Sigh, for some reason some people seem to think climate skeptics hate their children and grandchildren. I wonder if they’ve ever polled to compare with concerns for that other “pass on to the next generation” issue, our soaring national debt that our children and grandchildren have to pay for?

Climate Change, Narcissism, Denial, Apocalypse. The science is critical, but understanding why so many people are still in denial requires further explanation. Here’s an except from an Op Ed by Dr. Robert D. Stolorow at Psychology Today:

On October 5, 2012, on the front page of the Huffington Post, appeared a terrifying image of melting arctic ice, accompanied by the chilling headline, “Arctic Ice Melt and Sea Level Rise May Be ‘Decades Ahead Of Schedule’” Why have the majority of Americans and American politicians been largely oblivious to this extreme threat? I believe there are two principal reasons.

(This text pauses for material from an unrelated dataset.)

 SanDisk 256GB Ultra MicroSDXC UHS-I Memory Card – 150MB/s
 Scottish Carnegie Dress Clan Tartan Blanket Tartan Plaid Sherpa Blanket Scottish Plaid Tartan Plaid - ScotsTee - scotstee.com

The first is unbridled narcissism. Psychoanalytic developmental theorist Erik Erikson famously characterized an essential aim of adulthood as generativity—the caring for the well being of future generations. Climate change most likely will not be a threat for most of us, but it will leave our children, grandchildren, and future descendents with catastrophes of unimaginable proportions. In the deplorable obliviousness and indifference to the problem of climate change, any concern for the well being of future generations is being blatantly trumped by narrow self-interest and greed.”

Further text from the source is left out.